Gnome: "We are not designing a desktop for people who …" - richardk
http://www.christoph-wickert.de/blog/2011/06/25/gnome-developer-quote-of-the-day/

======
gegenschall
It's so sad having to watch GNOME going down the drain. I have been a longtime
GNOME user, basically since KDE 2 came out :-) and have always been happy with
it. With the last Ubuntu version I also switched to Unity and - guess what - I
love it. But anyways, I don't write a rave review on Unity.

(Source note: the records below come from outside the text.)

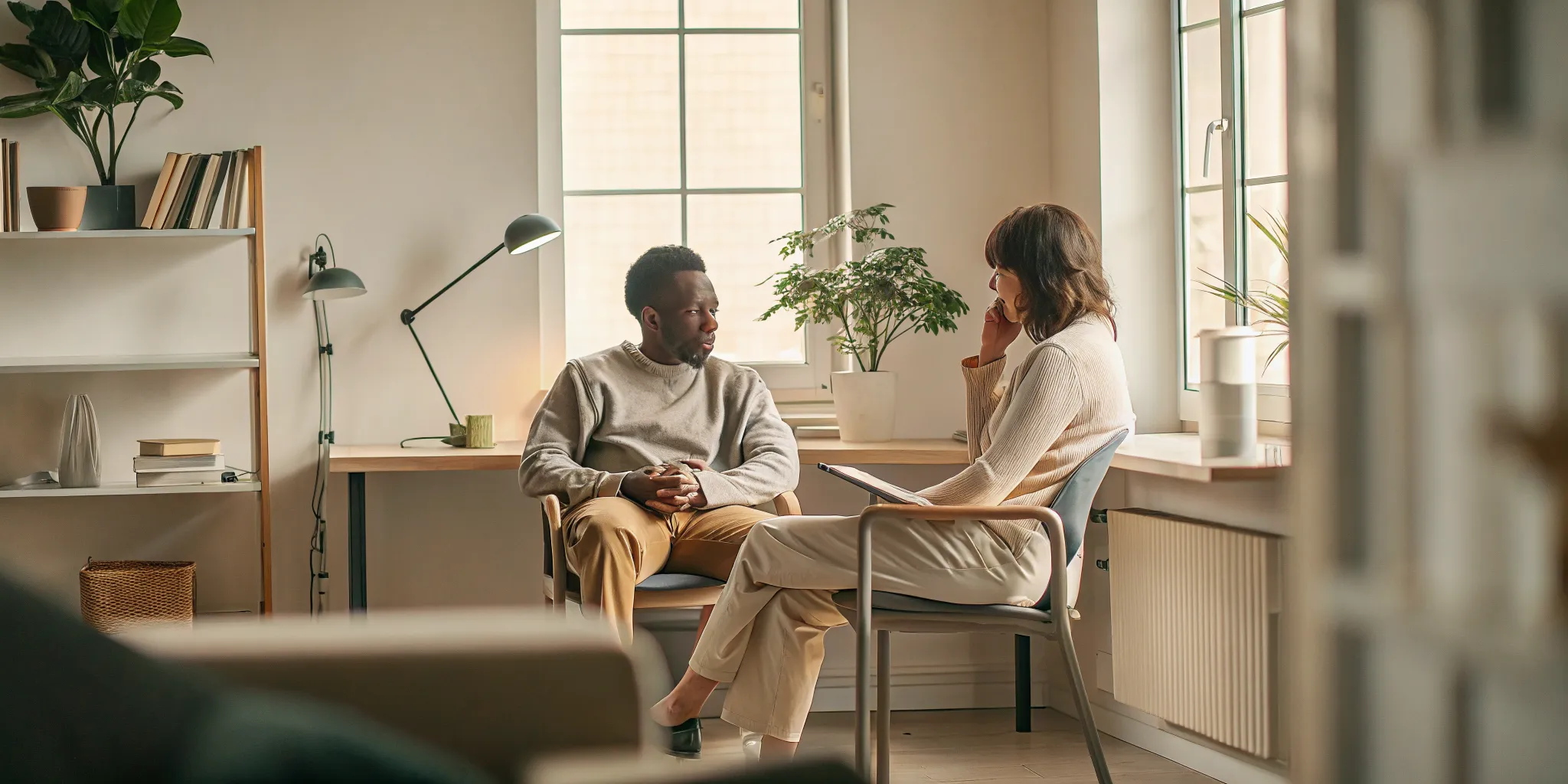 Ontario worker discussing a WSIB workplace violence claim with a support professional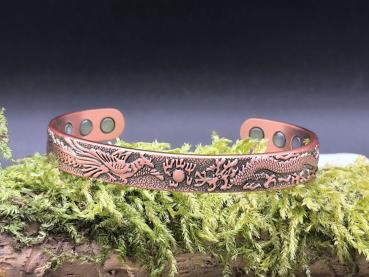 Magnetisches Kupferarmband – Phönix und Drache – Antikes Kupfer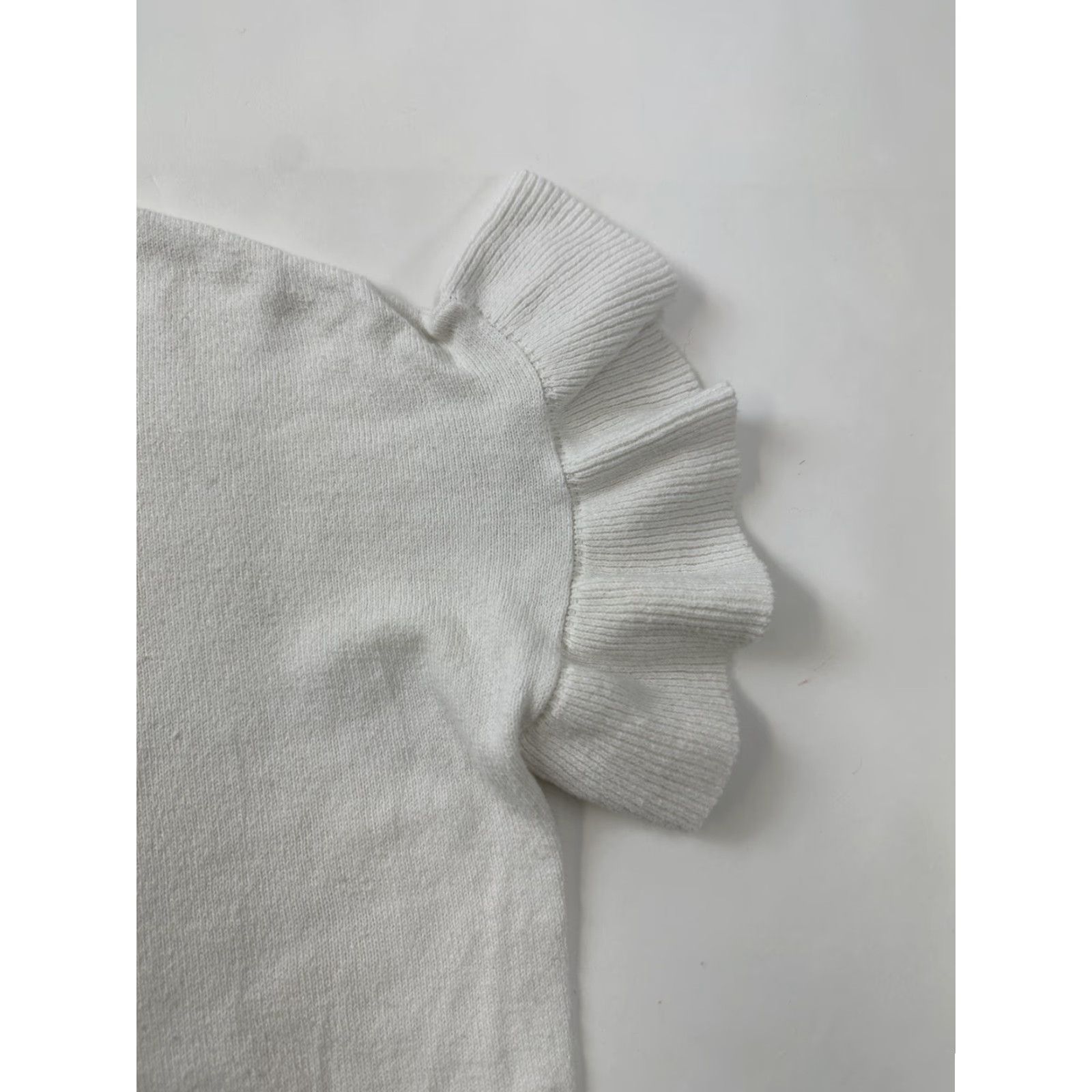 Madewell Madewell Shirt Women’s XS White Puff Sleeve Ruffle T-Shirt Casual Size XS / US 0-2 / IT 36-38 - 2 Thumbnail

I tried Fedora 15 and GNOME 3 out of curiosity and I'm impressed of how little
the configuration possibilites are. And that's compared to Unity! In those few
days that I used the GNOME Shell I came across most of the problems listed in
the article. Most of them appeared to me in the first hour of usage or even
before having the system installed. Change Font? Nope. What do when I close my
laptop? Nope. etc etc. And when you finally decide that GNOME 3 needs a little
more incubation (as with KDE 4 and GNOME 2 IIRC) and want to reboot I am
forced to open a terminal and reboot from there or logout and then reboot.
SRSLY?

And now this default-terminal-cannot-be-changed thing... I get the feeling
that the GNOME developers don't want anyone but themselves to use it. I mean,
their goal of having an intuitive GUI was honorable but they missed it.
Completely. IMHO, if no one intervenes now the whole project is going to sink
into insignificance. :-(

edit: Oh, and don't get me wrong I don't want to descredit any of the GNOME
developers. I mean, the above is still my personal opinion (and possibly that
of many others) but that does not change my respect for their work and
commitment to project. Let's hope all this comes to a good end.